Foi a Marcopolo que consolidou os ônibus de dois andares nos serviços rodoviários e turísticos brasileiros.

O primeiro ônibus rodoviário de dois andares do Brasil foi produzido pela extinta Thamco, encarroçadora de Guarulhos, na Grande São Paulo, em 1989. Era o Gemini Thamco, apresentado na VI Brasil Transpo, no stand da Scania. O chassi era Scania K 112TL, o comprimento total era de 13,2 metros e a altura de 4,3 metros.

O modelo, porém ficou apenas em protótipos.

Em 1995, a Marcopolo lançou, dentro de sua linha GV (Geração Cinco), o Paradiso 1800 DD.

O ônibus tinha chassis entre 13,2 metros e, posteriormente, 14 metros. A altura era de 4 metros.

Com chassis Scania ou Mercedes-Benz, o Paradiso GV 1800 DD se destacava pela impotência e empresas aproveitavam o apelo para dar apelidos e noves comerciais aos serviços

O número 1800, que acompanha o nome Paradiso, se refere à altura do bagageiro, 1800 milímetros ou 1,80 metro.

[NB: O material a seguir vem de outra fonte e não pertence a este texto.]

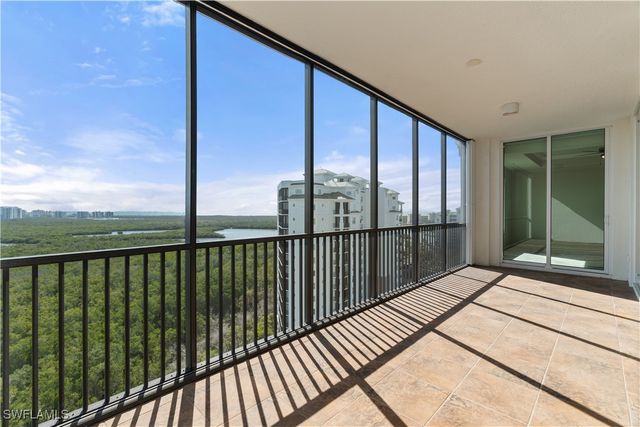 455 Cove Tower DR 1703, Naples, FL 34110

A nomenclatura é padrão até hoje na linha de modelos da Marcopolo.

No primeiro ano, a produção foi voltada para o mercado externo, já que a legislação brasileira ainda não tinha liberado ônibus rodoviários deste porte, o que veio a ocorrer somente em 1996.

Foi com o Paradiso GV 1800 DD que as estradas brasileiras passaram a ser percorridas pelos primeiros ônibus 8×2, com quatro eixos.

Os ônibus, com esta configuração, poderiam levar mais passageiros e mais bagagem com maior segurança e economia.

A carroceria começou a ser vendida com chassis Scania K 113TL e, posteriormente, Mercedes-Benz O400 RSD.

Traseira era bem sinalizada para o tamanho do ônibus. Equipamento de ar-condicionado ficava sobre a área do motor traseiro.

Grandes empresas de linhas rodoviárias regulares e de turismo reforçavam a imponência e o requinte do modelo de dois andares, inclusive em propagandas de TV, como a Viagens Costa

O Paradiso GV 1800 DD foi produzido até o ano 2000, quando entrava a sexta geração dos ônibus da Marcopolo.

Hoje, na sétima geração de seus produtos, a Marcopolo é líder no mercado brasileiro de ônibus de dois andares e uma das principais produtoras da América Latina deste tipo de veículo de alto padrão.

Adamo Bazani, jornalista especializado em transportes

2 comentários em HISTÓRIA: Paradiso GV 1800, a consolidação dos ônibus de dois andares no mercado brasileiro

  1. Para serviço rodoviário é adequado, mas para o transporte urbano é melhor o articulado. Rogerio Belda

  2. LUIZ CARLOS DIRENZI // 8 de abril de 2018 às 11:55 // Responder

    Esses ônibus realmente são bonitos e confortáveis, mas em linhas com maior demanda de passageiros por viagens, ou para turismo. Muitas empresas preferem os veículos convencionais de piso único.